Лидеры Генерального совета Коммуны заодно с Робеспьером и другими монтаньярами считали, что конституция позволит сплотить самые различные общественные слои, что она может оказаться очень полезным средством в сложившейся политической ситуации, и потому придавали ей совершенно исключительное, самодовлеющее значение. Когда 15 июня делегаты секции Прав человека зачитали перед Генеральным советом Коммуны обращение в Конвент в пользу установления твердых цен на предметы первой необходимости, Совет по требованию Шометта предложил секции, чтобы «не отнимать у Конвента драгоценного времени», подождать до окончания выработки конституции{322}.

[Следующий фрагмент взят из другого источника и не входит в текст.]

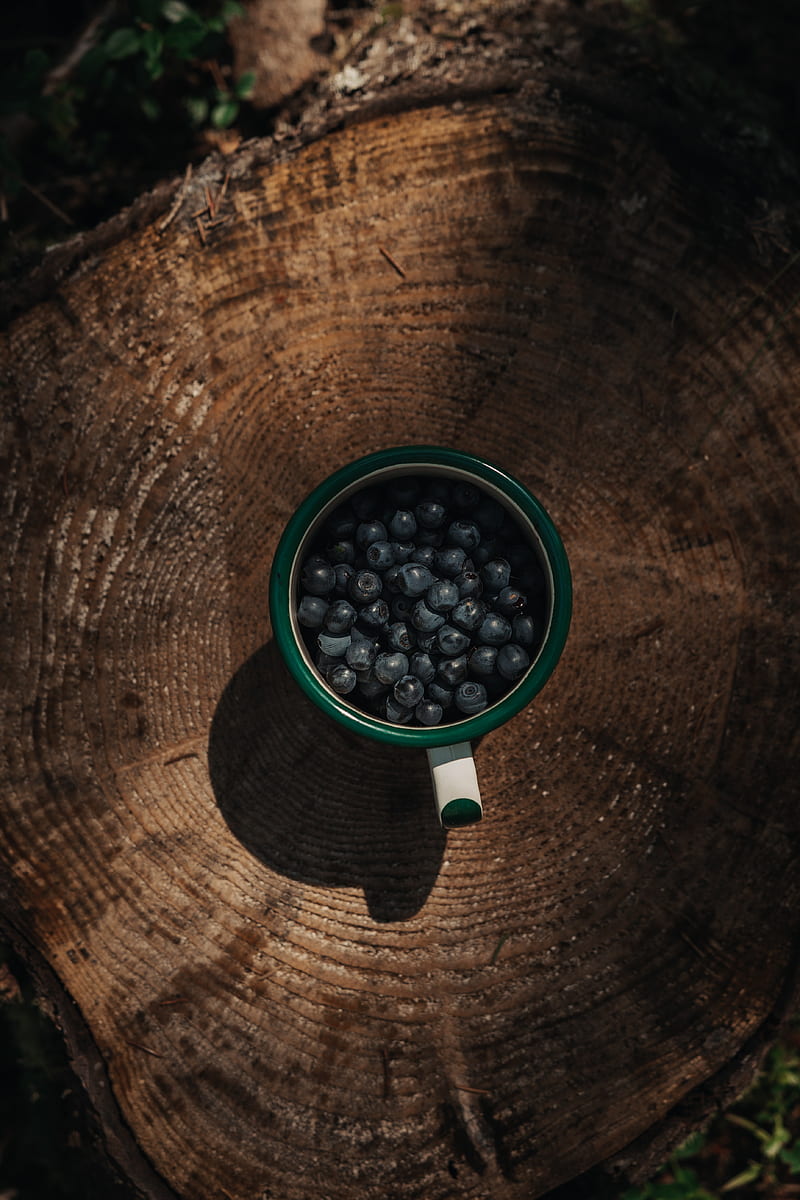 blueberries, berries, mug, stump, HD phone wallpaper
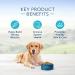 Buy Blue Buffalo Life Protection Formula Natural Adult Dry Dog Food - Premium Nutrition for Your Dog - Buy Online on GoSupps.com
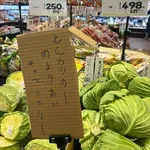 【悲報】この夏のキャベツさん、値段が限界突破wwwwwwwwww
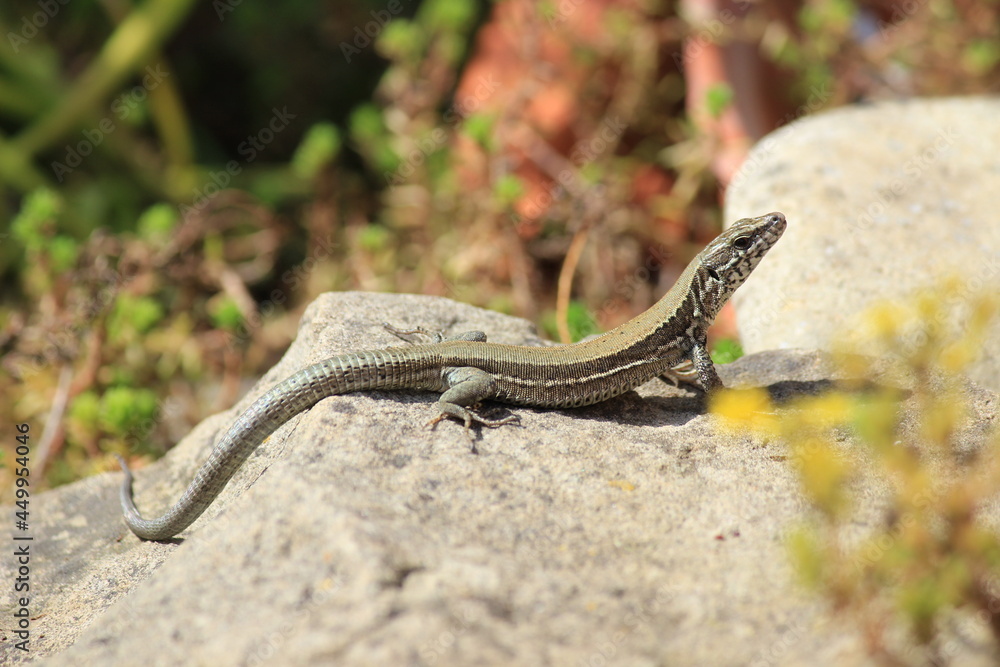Fototapeta premium Podarcis Muralis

На другом заседании Совета после чтения Декларации прав один из членов сделал «небольшое замечание об одной статье», сказав, что «она хороша», но может быть «еще лучше». Это невинное, казалось бы, пожелание вызвало резкий отпор Эбера, указавшего на опасность, которой чревата любая критика конституции. В ответ на обвинения, выдвинутые против секции Братства, чьи вожаки вступили в контакт с федералистами Эр и вели деморализующую пропаганду, Паш на заседании Генерального совета 10 июля сказал, что «секция Братства приняла конституцию и, следовательно, признала Конвент»{323}. Конституция как символ единства значила в тот момент больше, чем ее реальное содержание, и поэтому, когда с критикой конституции за ее ограниченность выступили «бешеные», последовал немедленный контрудар со стороны всех якобинских лидеров, и едва ли не самую активную роль здесь сыграл Эбер.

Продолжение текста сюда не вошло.